→ What you should do: From the line containing "Dijual Rumah Siap" down to the line containing "Unknown-Super-beetle-1973-Blue-7", copy out the entries below exactly, both lines included, and nothing else; pictures do not belong in the copy.

*** Opening of Dataset ***

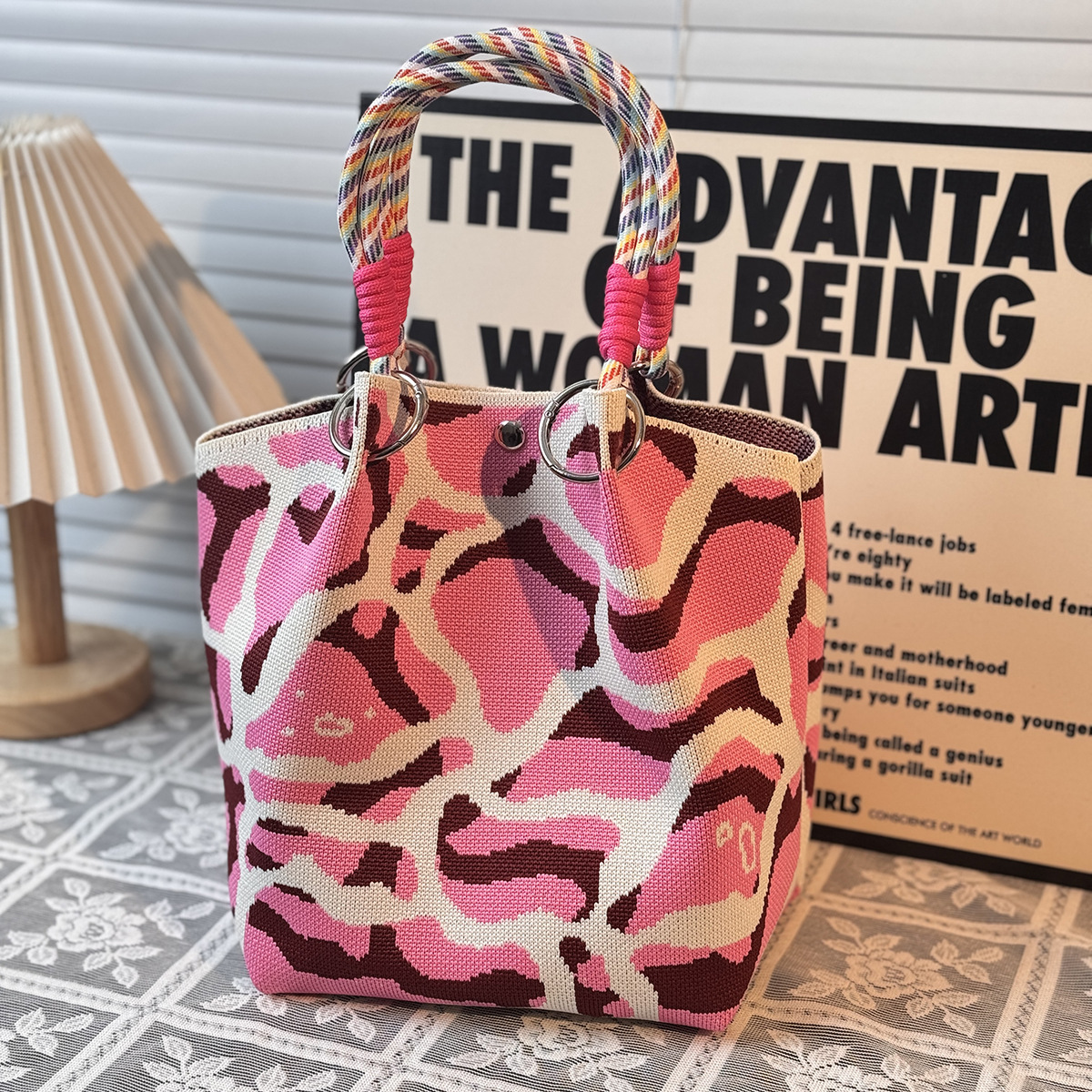 ニットハンドバッグ、ニッチデザインバケットバッグ、トートバッグ、ハンドバッグ、カジュアルで多用途なショルダーバッグ、ニットポータブルバッグ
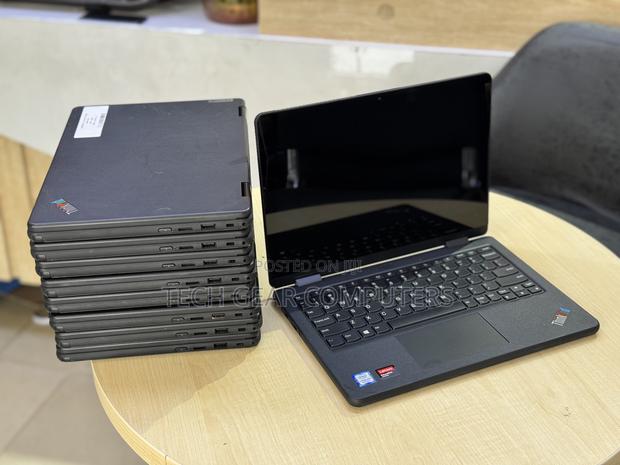 Laptop Lenovo Yoga 11e 4GB Intel Core I3 SSD 128GB · Photo 2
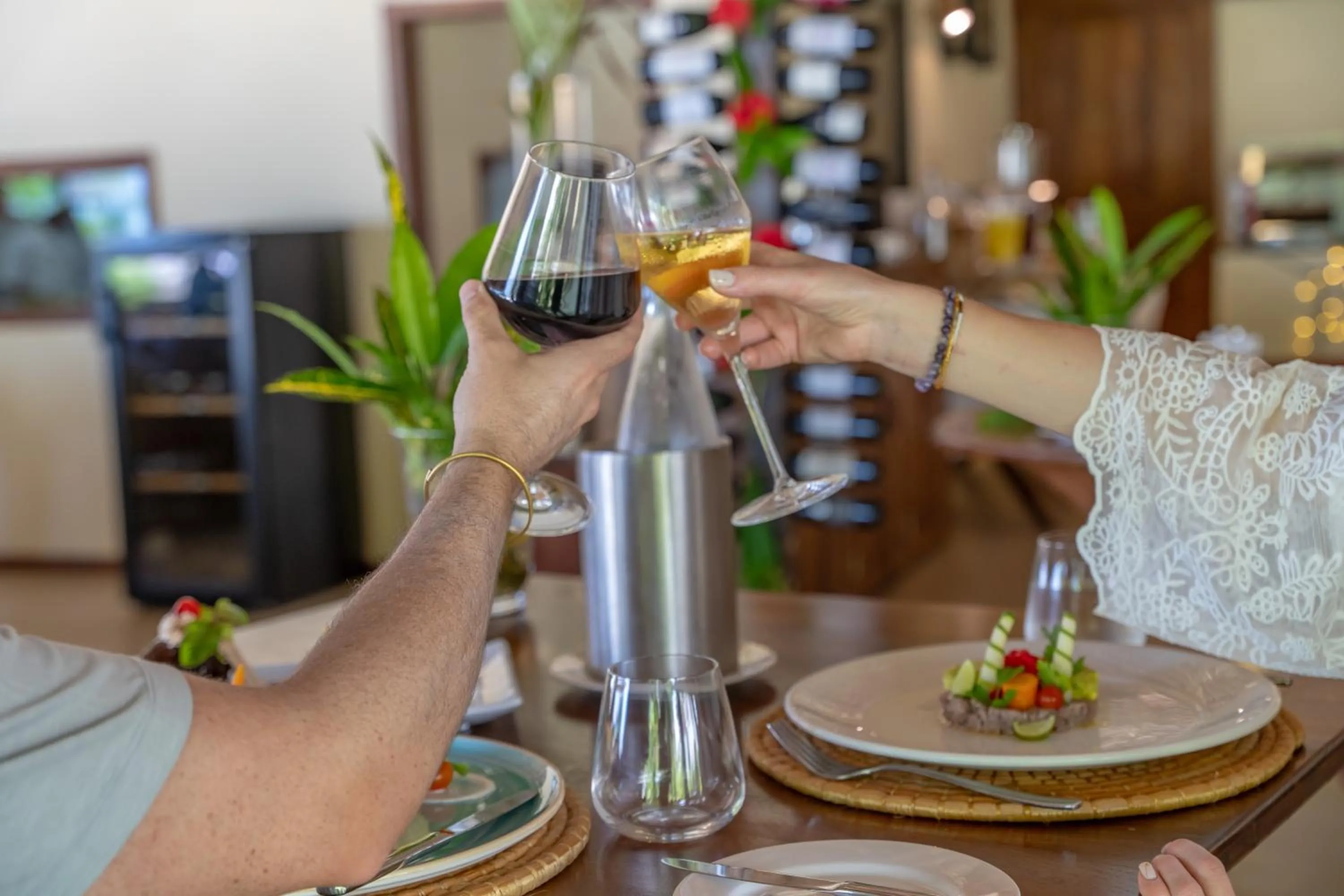 Restaurant/places to eat in Alma Boutique Hotel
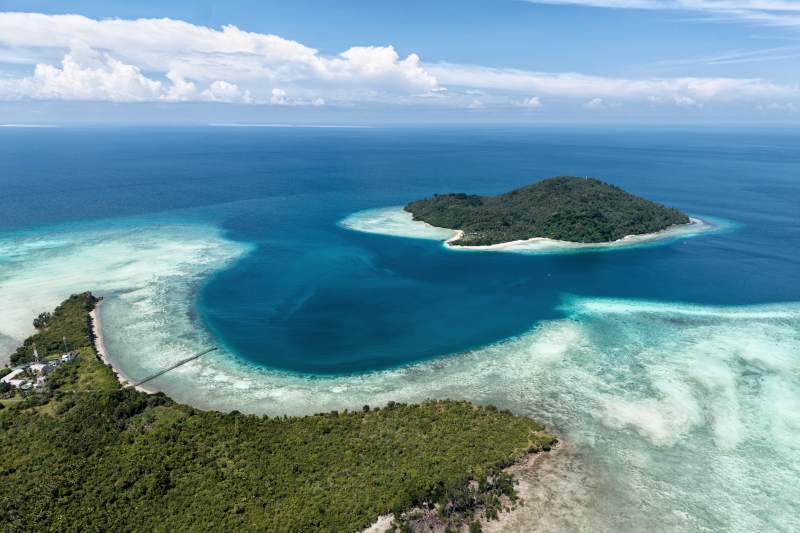 碧海环绕绿岛图片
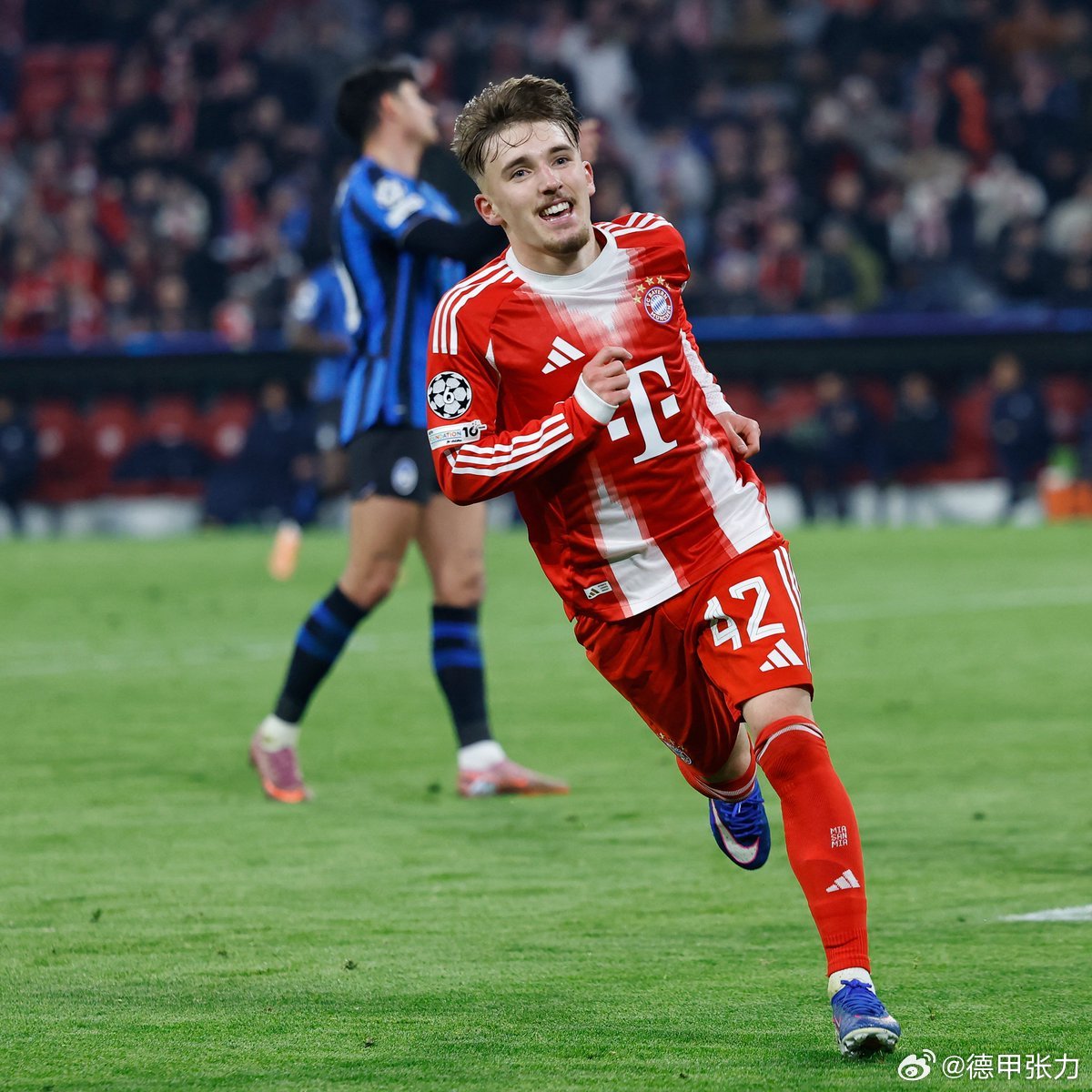 青春风暴继续：18岁24天，卡尔成为欧冠历史上一场比赛同时有进球和助攻的最年轻德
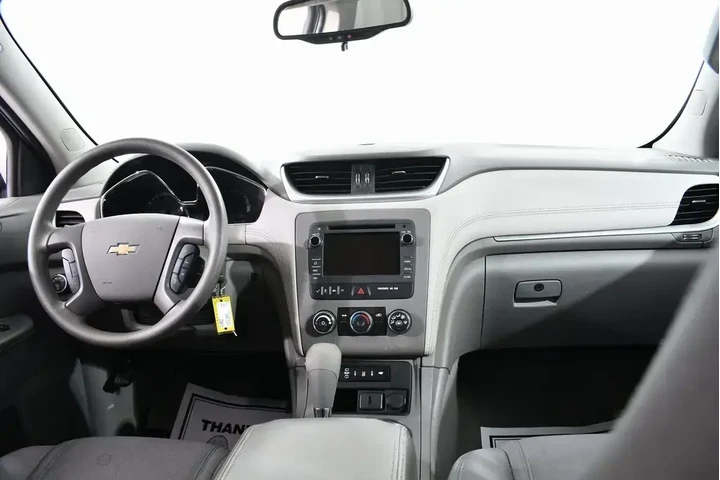 $5955 : Chevrolet Traverse 2015 AWD image 7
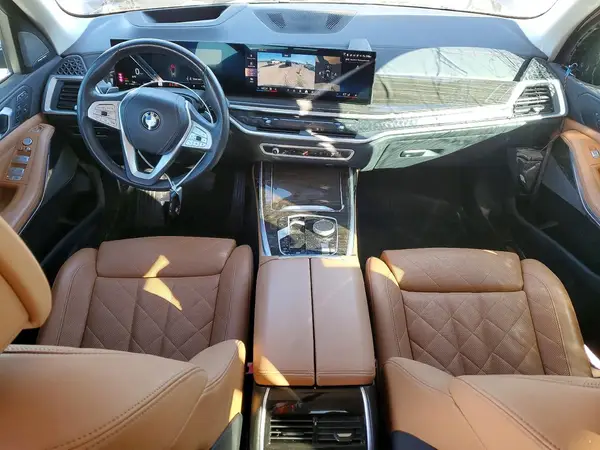 5UX23EM0XR9V79237 2024 BMW X7 - Image 8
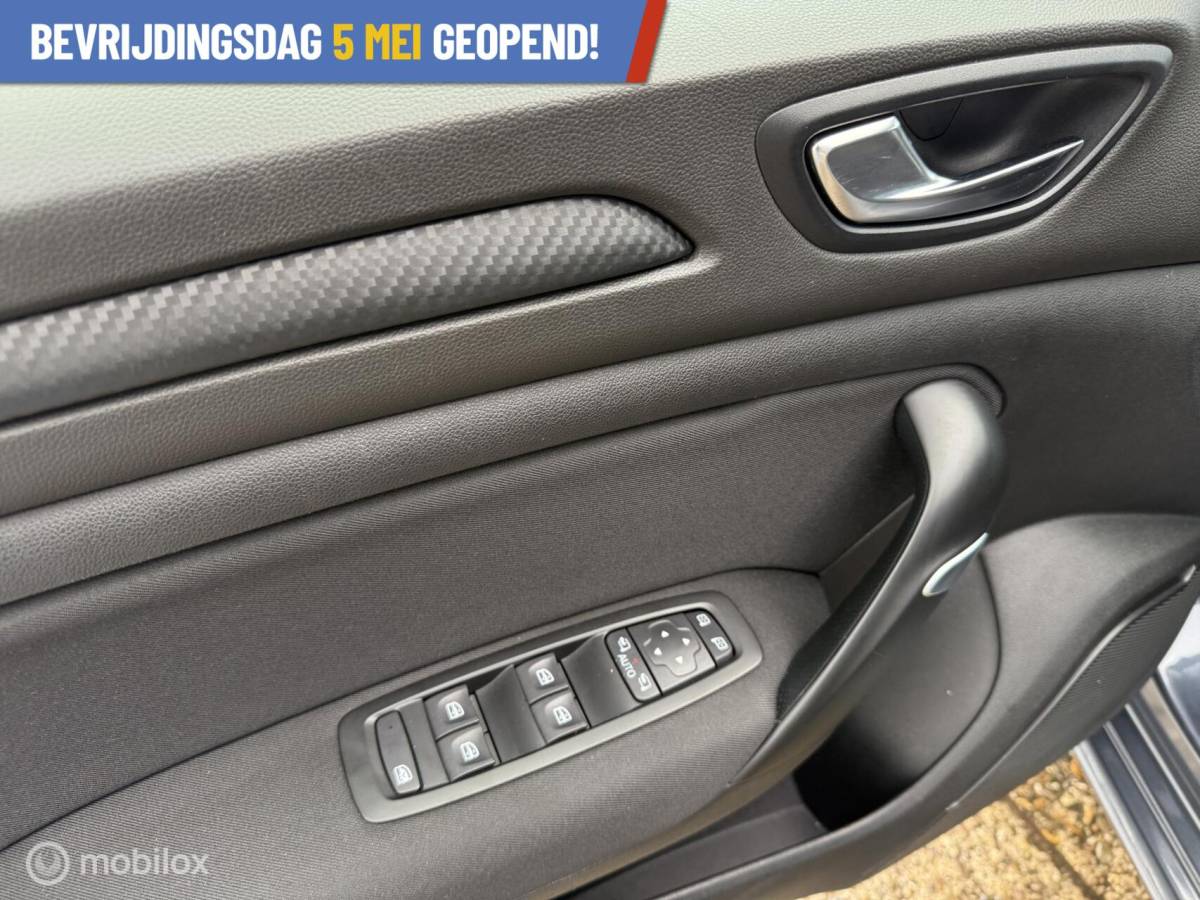 Renault Mégane Renault Megane 1.2 TCe Limited PANORAMADAK | AUTOMAAT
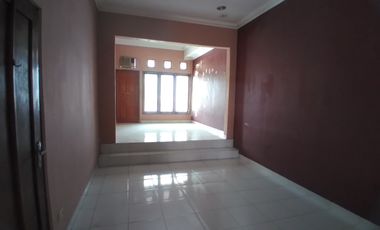Dijual Rumah Siap Huni di Cideng ,  2 Lantai Bisa Untuk Kantor Dekat CIdeng Barat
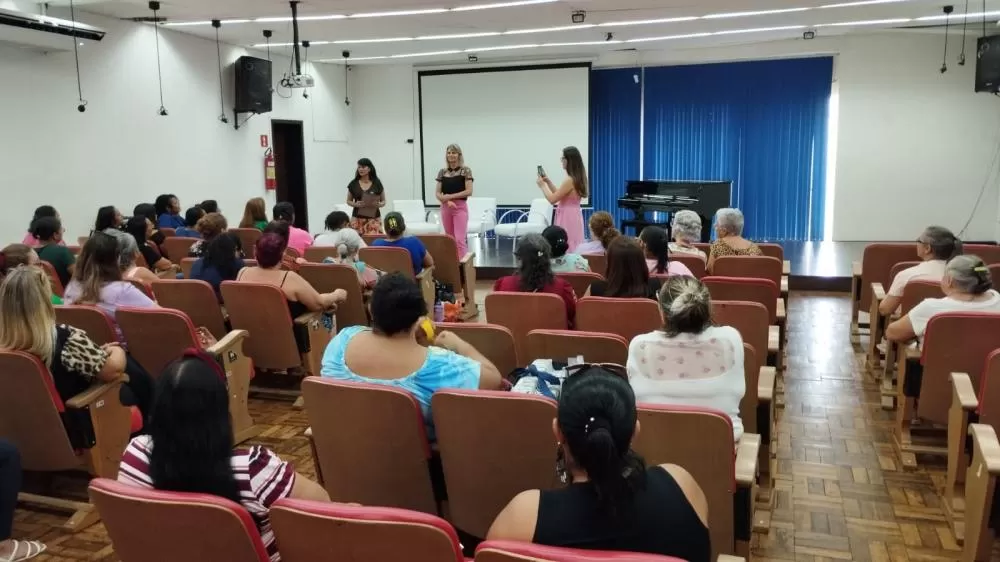 Secretaria da Mulher realiza primeiro encontro com Clubes de Mães de Foz do Iguaçu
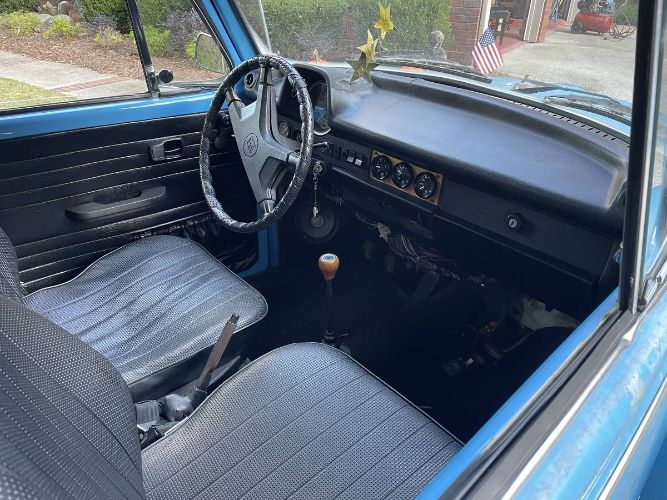 Unknown-Super-beetle-1973-Blue-7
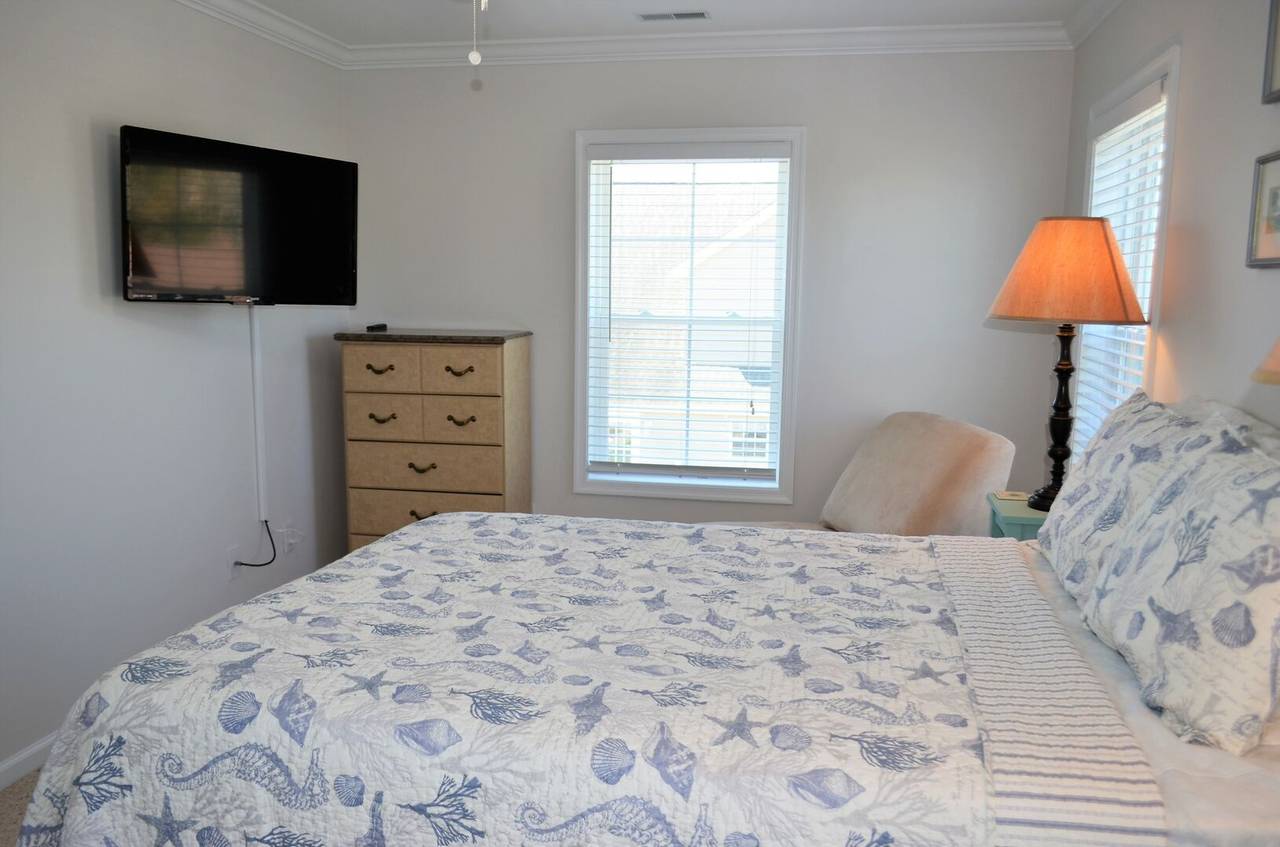 Rest & recharge after long days at the beach! Rest & recharge after long days at the beach!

*** Close of Dataset ***

→ Expected answer:
Dijual Rumah Siap Huni di Cideng ,  2 Lantai Bisa Untuk Kantor Dekat CIdeng Barat
 Secretaria da Mulher realiza primeiro encontro com Clubes de Mães de Foz do Iguaçu
 Unknown-Super-beetle-1973-Blue-7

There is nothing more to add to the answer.